Run inside the data collection environment:
source .venv_data_collection/bin/activate
python gear_sonic/scripts/process_dataset.py \
--dataset-path outputs/2026-04-03-14-30-00-G1-robot01 \
--output-path outputs/my_task_cleaned
Merge sessions:
python gear_sonic/scripts/process_dataset.py \
--dataset-path outputs/session1 outputs/session2 outputs/session3 \
--output-path outputs/my_task_merged
Or use a list file:
cat > datasets.txt <<'TXT'
outputs/session1
outputs/session2
outputs/session3
TXT
python gear_sonic/scripts/process_dataset.py \
--dataset-list datasets.txt \
--output-path outputs/my_task_merged
If you only want to merge and skip stale SMPL removal:
python gear_sonic/scripts/process_dataset.py \
--dataset-list datasets.txt \
--output-path outputs/my_task_merged_no_clean \
--no-remove-stale-smpl
Normally you should not use --no-remove-stale-smpl unless you know the stale detector is removing valid data.

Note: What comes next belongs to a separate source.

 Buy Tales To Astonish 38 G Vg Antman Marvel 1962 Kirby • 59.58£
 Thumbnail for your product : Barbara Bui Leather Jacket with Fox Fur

Verify After Post-Processing
cd Isaac-GR00T
export REAL_DATASET=/abs/path/to/GR00T-WholeBodyControl/outputs/my_task_cleaned
uv run python tools/verify_groot_lerobot_dataset.py "$REAL_DATASET"
python -m json.tool "$REAL_DATASET/meta/modality.json" | head -120
Check video:
find "$REAL_DATASET/videos" -name "*.mp4" | head -5
ffprobe "$(find "$REAL_DATASET/videos" -name '*.mp4' | head -1)"
Check parquet:
uv run python -c "from pathlib import Path; import os, pandas as pd; root=Path(os.environ['REAL_DATASET']); p=sorted((root/'data').rglob('*.parquet'))[0]; df=pd.read_parquet(p); print(p); print(df.head()); print(df.columns.tolist())"
Train With Real Data
Before training, run the same preflight pattern from Part 1:
cd Isaac-GR00T
uv run python gr00t/experiment/launch_finetune.py --help | \
grep -E "dataset|embodiment|modality|base-model|max-steps|num-gpus"
test -d "$REAL_DATASET"
test -f "$REAL_DATASET/meta/modality.json"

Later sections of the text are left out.